Question

Iron‑59 is used to study iron metabolism in the spleen. Its half‑life is 44 days. How many days would it take a 28.0 g sample of iron‑59 to decay to 0.875 g?

Answer 1

The radioisotope will take 219 days to decay from 28 g to 0.875 g.

Explanation:

Any radioactive isotope is tend to decay with time. So the rate of decay of the radioactive isotopes is termed as disintegration constant. Since, the initial mass of the radioactive isotope is given along with the reducing mass. In order to determine the time required to reduce the mass of the radioisotope from 28 g to 0.875 g, first the disintegration constant is need to be determined. The disintegration constant can be obtained from half life time of the isotope. As half life time is the measure of time required to reduce half of the concentration of the isotope.

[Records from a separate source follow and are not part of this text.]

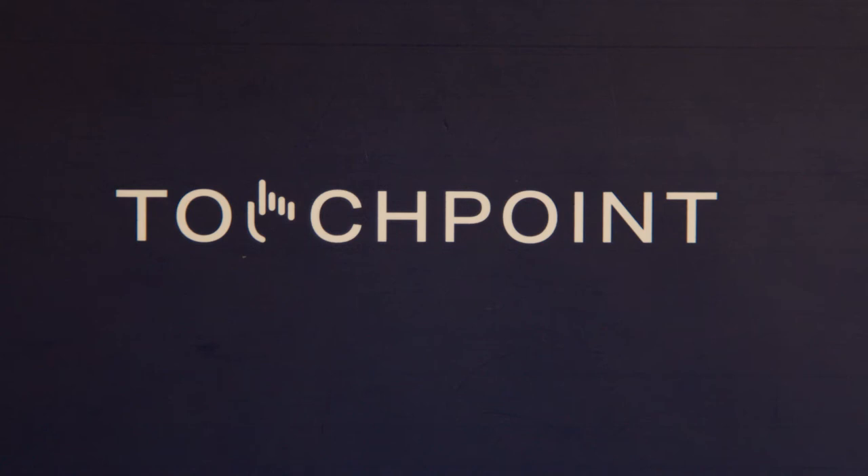In this video, I am going to show you the TouchPoints. TouchPoints are portable and wearable bilateral stimulation devices. This is different than any other BLS device on the market.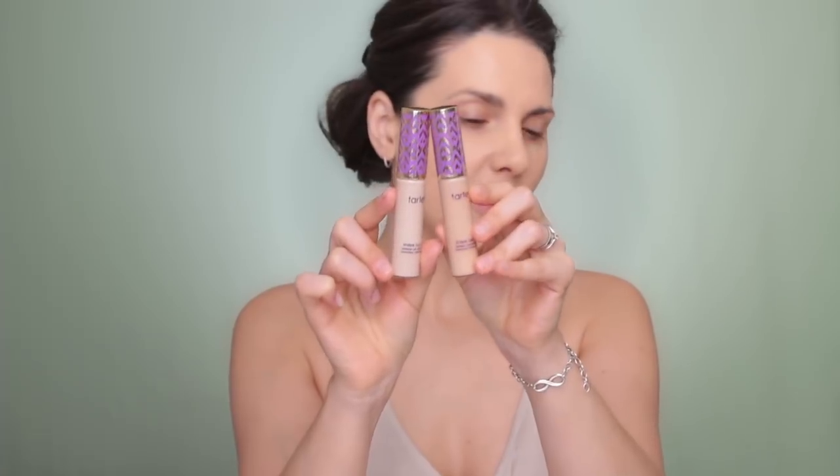This is my favorite concealer and I use it all the time. I've got Light Medium and Light Sand in the Shape Tape concealer from Tarte. The thing about this concealer is that it's very thick but it covers so well, and it can look very natural depending on how much you apply.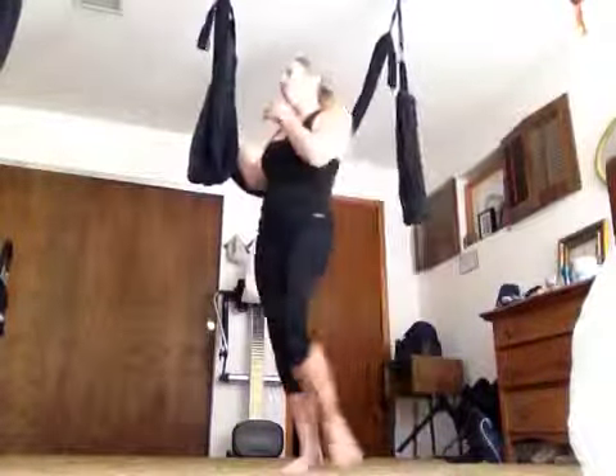Try one leg one more time — come out, one leg. Beautiful transitions. Okay, untwist, make sure the swing's happy. The side spins definitely ravel it up — unravel.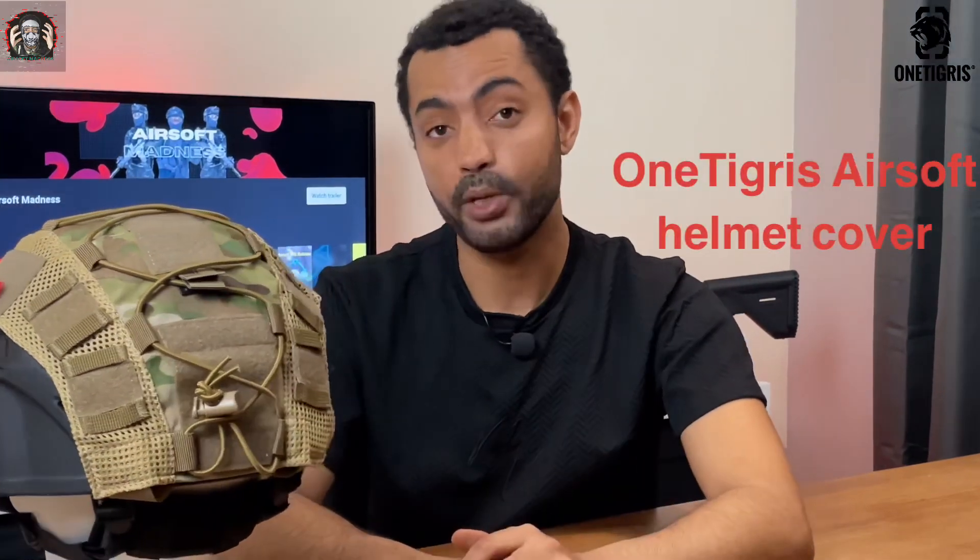Hi everyone, welcome to Airsoft Baggage. As you can see from the thumbnail, we are going to be talking about the OneTigress Airsoft Helmet Cover.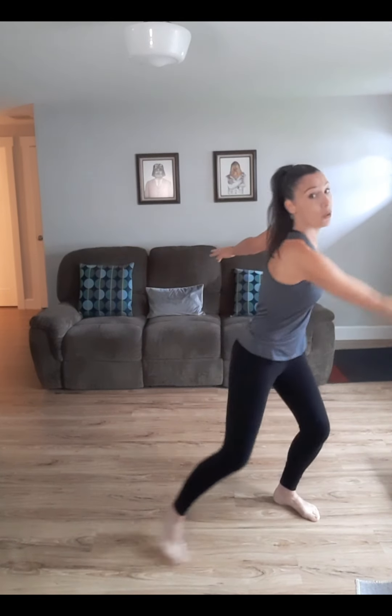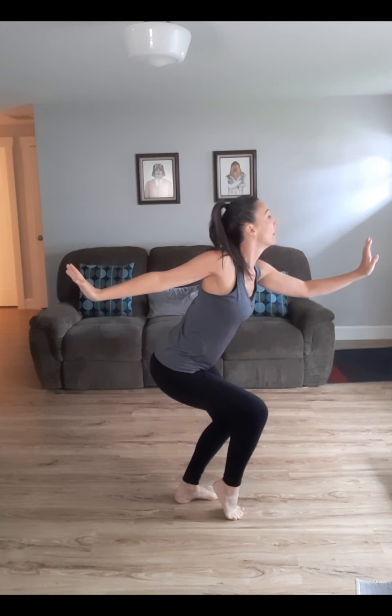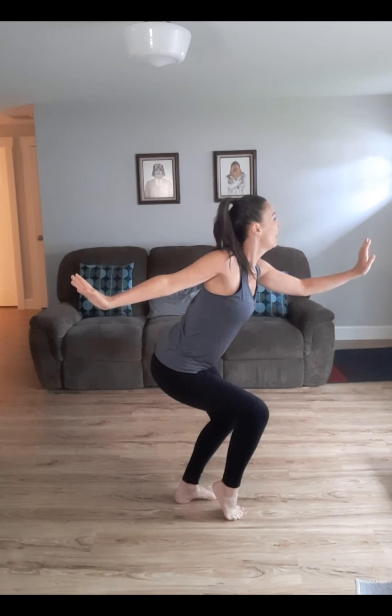Guess what? You're going to do the same thing, but on a medium level. Get down a little bit lower and move medium. One, two, three, four. Freeze. One, two, three, four.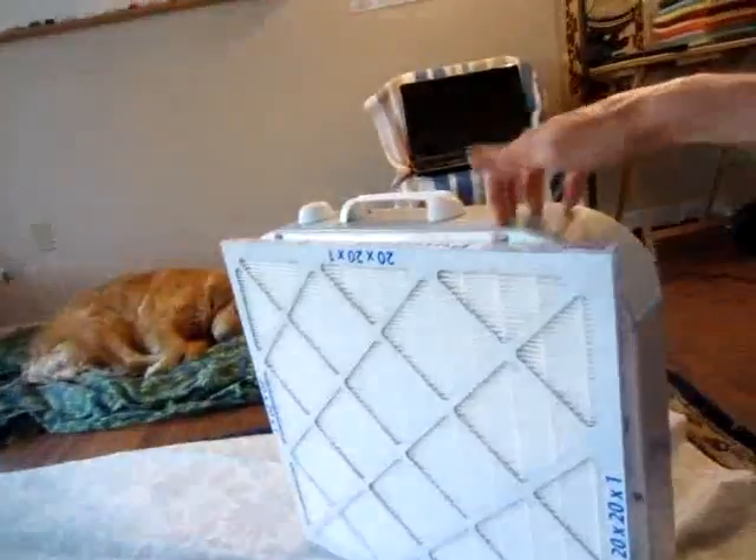I feel somewhat stupid now. This thing is going to do a really good job — perhaps not quite as good as the Blue Air — but considering that I could buy a bunch of these for what I paid for that, this is definitely a far better deal. And you can actually ground this because it has a metal shell. I've already got two other box fans and I'm probably going to go back soon and buy a couple more of these filters and just tape them right onto it.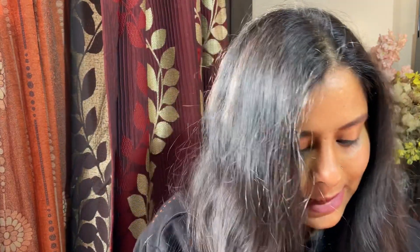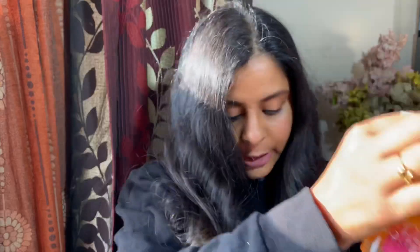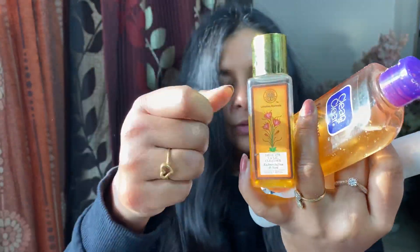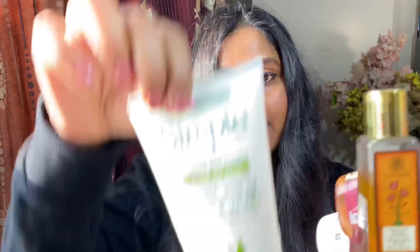Today I have some face washes and I will test all of them. I have Clean and Clear, Neutrogena, Forest Essentials, Simple face wash, Moha face wash, and a Vitamin C face wash. I will test the pH of all these face washes.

Half life time = 0.6932/disintegration constant

44 = 0.6932/λ

λ = 0.6932/44=0.0158

So, with this values of disintegration constant, initial mass and final mass, the time required to reduce from initial to final mass can be obtained using law of disintegration constant as follows.

N = Noe^(-λt)

$t= -\frac{1}{disintegration constant}* ln(\frac{N}{N_{0} } )\\ \\t = -\frac{1}{0.0158}*ln(\frac{0.875}{28})\\ \\t = -\frac{1}{0.0158}*ln(0.03125)\\\\t = -63.29*(-3.466)\\\\t=219 days.$

Thus, the radioisotope will take 219 days to decay from 28 g to 0.875 g.